[Task to carry out]
Your copy should begin with the line containing "Air Fryer Spaghetti", end with the line containing "Charming beautician crossing", match the listing below exactly, and contain no pictures.

[Data]
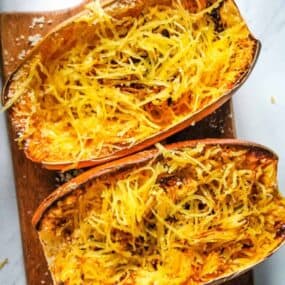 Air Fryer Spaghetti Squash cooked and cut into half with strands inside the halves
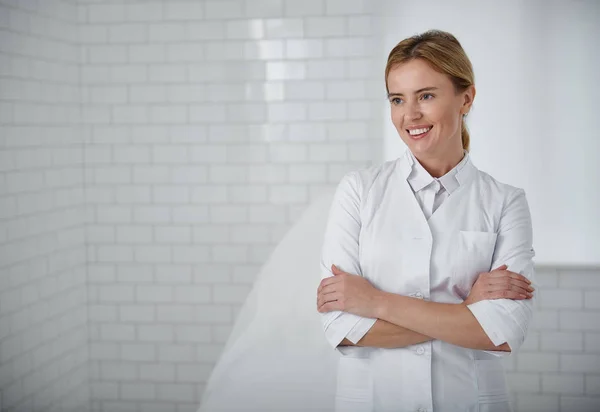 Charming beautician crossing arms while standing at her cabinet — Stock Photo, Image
---
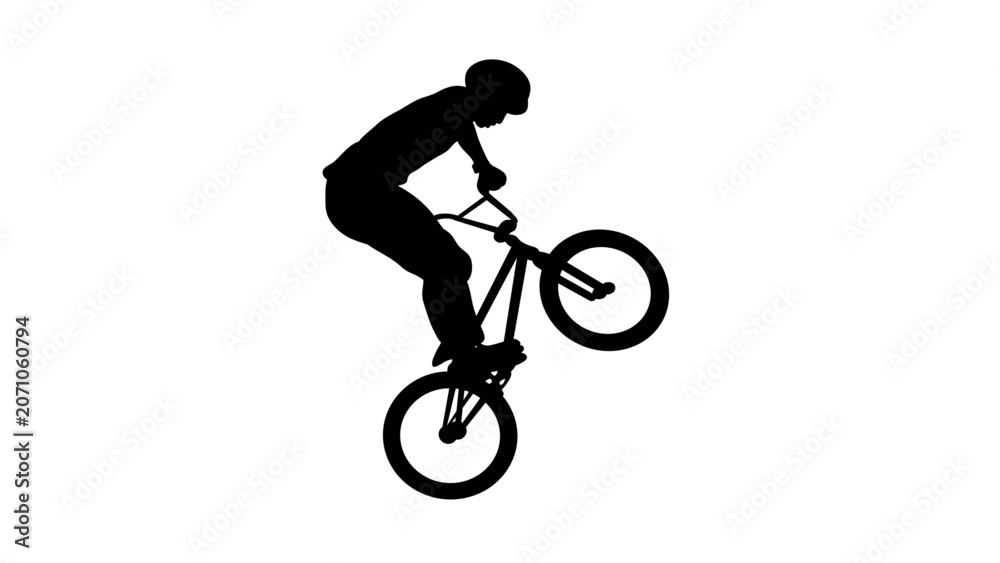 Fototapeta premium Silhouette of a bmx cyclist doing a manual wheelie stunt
* * *
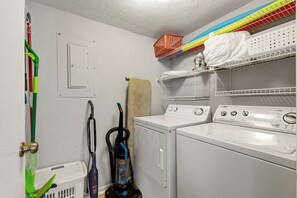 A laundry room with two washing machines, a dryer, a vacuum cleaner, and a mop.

[Result for this exercise]
 Air Fryer Spaghetti Squash cooked and cut into half with strands inside the halves
 Charming beautician crossing arms while standing at her cabinet — Stock Photo, Image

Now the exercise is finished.